__SUPPLIED RECORDS__.
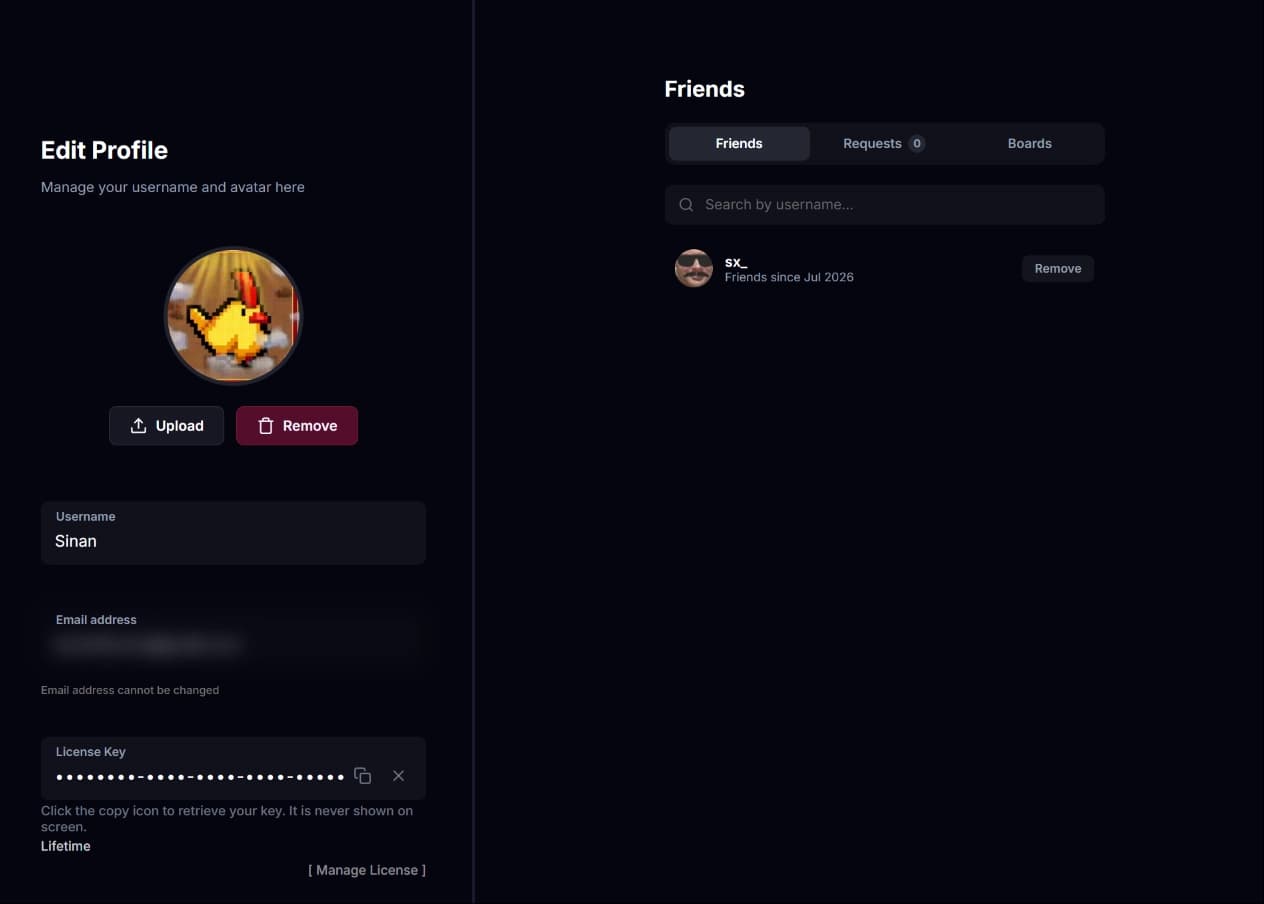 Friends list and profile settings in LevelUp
---
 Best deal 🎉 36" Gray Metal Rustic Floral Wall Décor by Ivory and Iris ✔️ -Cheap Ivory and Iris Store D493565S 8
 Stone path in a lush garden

__WHAT YOU HAVE TO DO__. What you return must be the lines above that run from the line with "Best deal 🎉" to the line with "Stone path in a lush garden", inclusive, each copied exactly.

__TASK OUTPUT__.
 Best deal 🎉 36" Gray Metal Rustic Floral Wall Décor by Ivory and Iris ✔️ -Cheap Ivory and Iris Store D493565S 8
 Stone path in a lush garden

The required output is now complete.